Perl 101

Perl is an interpreted language, but exist tool to turn them into binary. Perl script can be setuid!!

The first column is $_[0], next one is $_[1], the whole line is $_ (or @_)
Contrast to Awk first column is $1, second is $2, and $0 is the whole input line.
reference = pointer.
@array     isn an array, like:  [,,]   ($array[0], $array[1], etc)
\@array    address of array [,,]  (a pointer, stored as 32-bit integer, ie scalar)

@$array    $array is a pointer, take that as address, and there is the array. 
	   Ie decypher \@array
           when declaring ref, use my $array.
           so, that should be what is returned in a fn call.

Finding array size:
my @arr = (2);
print scalar @arr; # first way to print array size
print $#arr; # second way to print array size
my $arrSize = @arr;
print $arrSize; # third way to print array size

Perl Variables

$scalar = 1;
@array = ( 'a', 'b' );
%hash = ( 'key1' => 'value1',   'key2' => 'value2' );

Objects and Class

It is essentially a hack on Packages, but bless()ed into a class.
Default Package variables are class-wide variables.  
Instance/method variables need to be inside data structure that has been
bless()ed.  But at time may need to check whether method was called
as class subroutine or as object's method!!
First param for a method call, $_[0], is a ref to the object (or its class), it is done automatically by Perl (using unshift or something).

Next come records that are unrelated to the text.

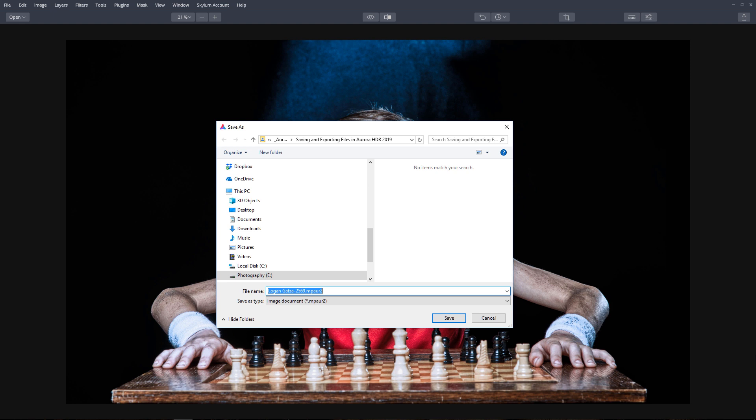Don't worry, I'll also show you how to export the same image so it can be opened and viewed in other applications. Let's finish by clicking the Save button.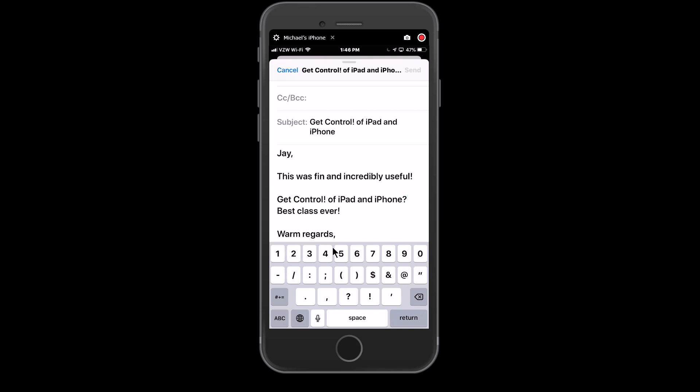If you press and hold anywhere on this keypad, I usually just go for the space bar, you can actually get that cursor moving in the right direction so you can go in there and correct it real easily.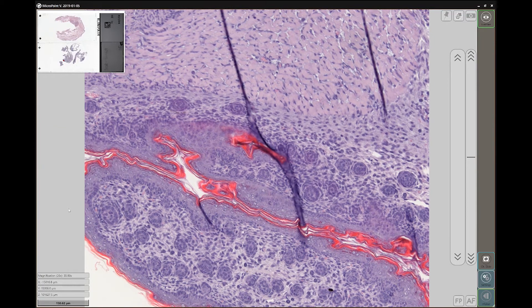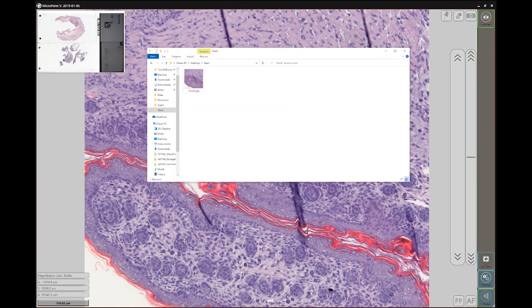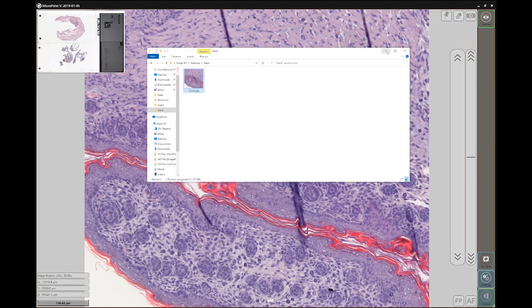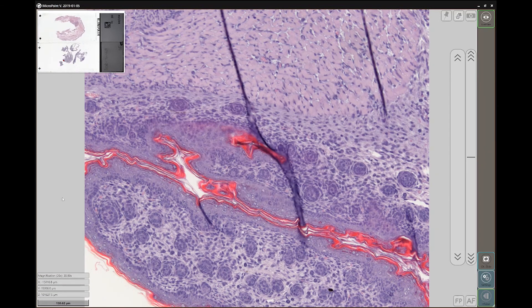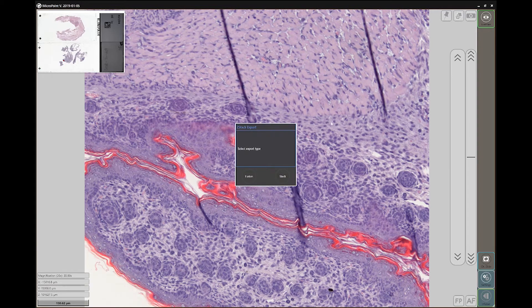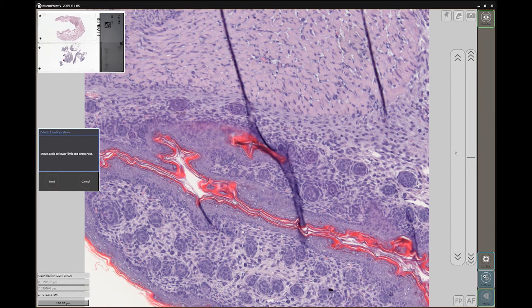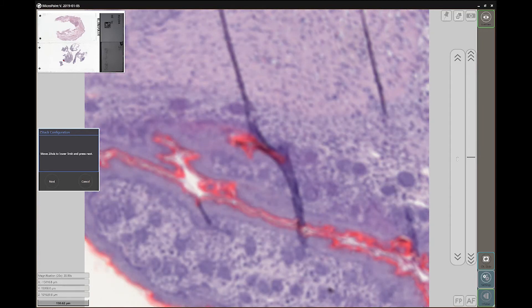Let's see the file — there is our fused image. To capture multiple pictures of the Z positions, we will follow the same process but we will now select the Stack export type.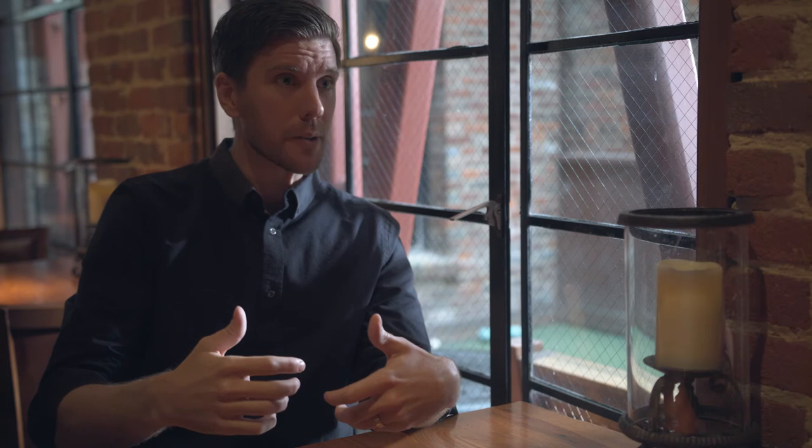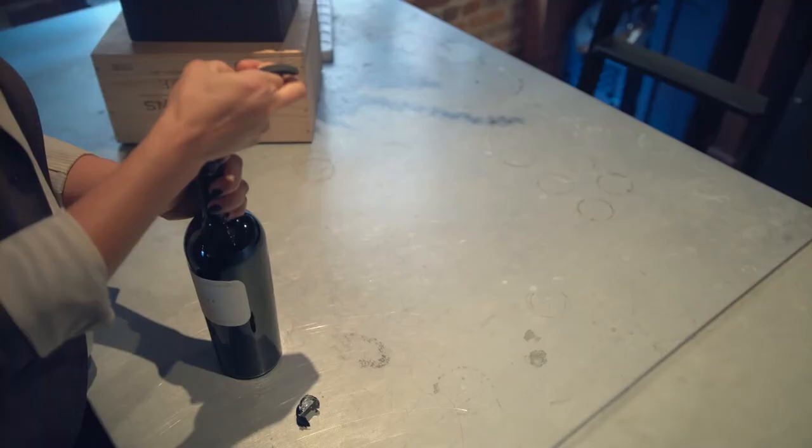I usually tilt the bottle at a little bit of an angle, you know, 15 to 25 degrees, just to make sure that I can see what I'm doing and I get a good handle on it.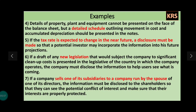Sixth point: if there are any new legislations, new laws, or new policies whose effect will be felt on the company, on the company's work, or on future profit and loss, then the company must disclose the information to help users see what is coming.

Be sure to "use strict", or Perl may think of some closure need to applied
to specific variables declared in methods and those may become like 
class-wide data, but in fact "use strict" would mean they should be scoped correctly and destroyed when method is completed.

constructor can be named anything, new() is just the most popular name.
Destructor is called automagically and must be named DESTROY.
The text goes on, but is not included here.